Profit margin and markup are two different accounting terms that are often confused and even used interchangeably. In some circumstances, profit margin and markup might be using the same inputs and analyzing the same transaction, yet they present different information.

Usually, profit margin in these contexts is referring to gross profit margin for a specific sale, which is the profit earned on a product expressed as a percentage of total revenue from that product. For instance, if a company spent $1,000 for a good and received $3,000 in revenue, then gross profit margin is equal to ($3,000 - $1,000) / ($3,000), or 66.6%.

Markup is the retail price a product that is expressed as a percentage of wholesale costs; for instance, using the same numbers as the example above, markup would be equal to ($3,000 - $1,000) / ($1,000), or 200%.

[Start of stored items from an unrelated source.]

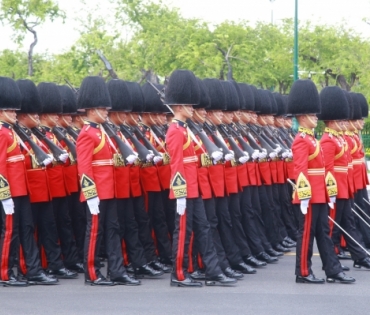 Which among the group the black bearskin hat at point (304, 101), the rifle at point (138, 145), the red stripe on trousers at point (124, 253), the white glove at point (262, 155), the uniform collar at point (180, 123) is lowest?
the red stripe on trousers at point (124, 253)

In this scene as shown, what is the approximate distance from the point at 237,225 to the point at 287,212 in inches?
104

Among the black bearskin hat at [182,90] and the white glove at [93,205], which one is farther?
the black bearskin hat at [182,90]

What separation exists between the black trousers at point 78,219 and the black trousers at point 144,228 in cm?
73

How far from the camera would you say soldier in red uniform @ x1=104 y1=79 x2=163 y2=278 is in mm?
10266

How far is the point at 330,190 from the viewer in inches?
420

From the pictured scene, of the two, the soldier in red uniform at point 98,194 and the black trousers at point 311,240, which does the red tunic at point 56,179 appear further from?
the black trousers at point 311,240

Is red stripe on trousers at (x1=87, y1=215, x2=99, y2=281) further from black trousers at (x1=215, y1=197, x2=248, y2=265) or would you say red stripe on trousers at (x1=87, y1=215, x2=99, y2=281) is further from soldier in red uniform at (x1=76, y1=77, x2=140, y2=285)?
black trousers at (x1=215, y1=197, x2=248, y2=265)

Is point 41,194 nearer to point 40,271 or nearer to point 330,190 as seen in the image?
point 40,271

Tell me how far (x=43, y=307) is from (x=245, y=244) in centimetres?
318

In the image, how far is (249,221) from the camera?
11.6 metres

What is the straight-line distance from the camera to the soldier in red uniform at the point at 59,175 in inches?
422

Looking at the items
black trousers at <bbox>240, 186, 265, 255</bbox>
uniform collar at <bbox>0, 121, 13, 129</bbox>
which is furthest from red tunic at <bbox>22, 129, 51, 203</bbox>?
black trousers at <bbox>240, 186, 265, 255</bbox>

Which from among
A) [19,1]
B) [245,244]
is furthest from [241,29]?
[245,244]

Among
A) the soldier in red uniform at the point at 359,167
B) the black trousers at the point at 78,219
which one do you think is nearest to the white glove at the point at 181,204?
the black trousers at the point at 78,219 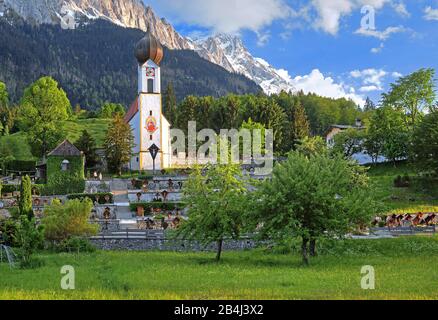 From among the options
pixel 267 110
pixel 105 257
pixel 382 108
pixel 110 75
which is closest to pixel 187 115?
pixel 267 110

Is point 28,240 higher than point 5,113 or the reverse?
the reverse

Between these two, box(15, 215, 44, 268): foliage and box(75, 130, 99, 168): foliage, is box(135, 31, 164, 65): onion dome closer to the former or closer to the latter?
box(75, 130, 99, 168): foliage

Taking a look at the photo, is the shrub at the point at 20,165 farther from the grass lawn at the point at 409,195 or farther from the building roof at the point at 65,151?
the grass lawn at the point at 409,195

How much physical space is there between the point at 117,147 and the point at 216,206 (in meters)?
32.6

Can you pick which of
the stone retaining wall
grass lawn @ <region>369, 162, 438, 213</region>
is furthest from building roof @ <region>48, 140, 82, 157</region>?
grass lawn @ <region>369, 162, 438, 213</region>

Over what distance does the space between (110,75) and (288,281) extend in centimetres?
18325

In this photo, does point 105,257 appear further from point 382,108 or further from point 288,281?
point 382,108

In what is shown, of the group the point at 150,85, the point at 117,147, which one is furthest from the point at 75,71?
the point at 117,147

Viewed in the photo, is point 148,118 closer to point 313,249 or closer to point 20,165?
point 20,165

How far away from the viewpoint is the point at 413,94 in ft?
186

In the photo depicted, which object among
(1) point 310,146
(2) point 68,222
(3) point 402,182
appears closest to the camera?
(2) point 68,222

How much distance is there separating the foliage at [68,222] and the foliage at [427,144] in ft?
90.3

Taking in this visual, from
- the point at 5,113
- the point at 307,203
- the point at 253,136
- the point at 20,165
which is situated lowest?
the point at 307,203

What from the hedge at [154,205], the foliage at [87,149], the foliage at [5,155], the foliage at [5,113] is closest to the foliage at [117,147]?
the foliage at [87,149] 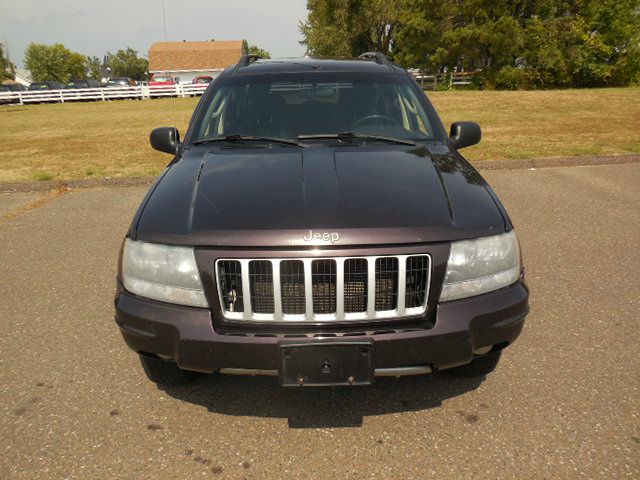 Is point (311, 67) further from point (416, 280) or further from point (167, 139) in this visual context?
point (416, 280)

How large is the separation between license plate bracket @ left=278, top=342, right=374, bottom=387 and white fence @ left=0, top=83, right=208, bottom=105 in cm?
3195

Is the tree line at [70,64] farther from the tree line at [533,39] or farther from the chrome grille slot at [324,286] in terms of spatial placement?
the chrome grille slot at [324,286]

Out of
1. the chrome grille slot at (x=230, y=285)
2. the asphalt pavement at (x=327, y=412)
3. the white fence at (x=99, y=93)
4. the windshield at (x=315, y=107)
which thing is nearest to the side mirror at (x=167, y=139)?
the windshield at (x=315, y=107)

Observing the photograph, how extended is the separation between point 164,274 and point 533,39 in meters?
34.2

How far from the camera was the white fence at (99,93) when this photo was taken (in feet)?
105

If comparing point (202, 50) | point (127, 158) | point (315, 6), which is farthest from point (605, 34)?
point (202, 50)

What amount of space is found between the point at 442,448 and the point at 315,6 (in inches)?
2050

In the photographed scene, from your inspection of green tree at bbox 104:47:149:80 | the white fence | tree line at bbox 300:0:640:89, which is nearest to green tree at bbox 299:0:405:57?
tree line at bbox 300:0:640:89

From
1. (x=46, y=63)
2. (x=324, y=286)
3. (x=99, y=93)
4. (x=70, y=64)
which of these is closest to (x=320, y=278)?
(x=324, y=286)

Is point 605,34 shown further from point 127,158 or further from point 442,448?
point 442,448

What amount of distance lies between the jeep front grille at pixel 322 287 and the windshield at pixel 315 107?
1.36m

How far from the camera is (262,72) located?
3.80 m

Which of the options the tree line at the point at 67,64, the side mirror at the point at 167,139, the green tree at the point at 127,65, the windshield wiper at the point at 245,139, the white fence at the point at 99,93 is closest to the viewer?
the windshield wiper at the point at 245,139

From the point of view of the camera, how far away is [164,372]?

The two concepts are telling different sides of the same story. In this light, the profit margin is addressing the profit as it relates to selling price, whereas the markup addresses the profit as it relates to cost price.

However, gross profit margin begins to change significantly once you stop defining it as the margin for a specific sale and begin accounting for different kinds of costs, such as wages, advertising and overhead.

Since markup only determines how much money is being made on a specific item relative to its direct costs, whereas profit margin takes into consideration total revenues and total costs from various sources, the different accounting uses for each term become clear.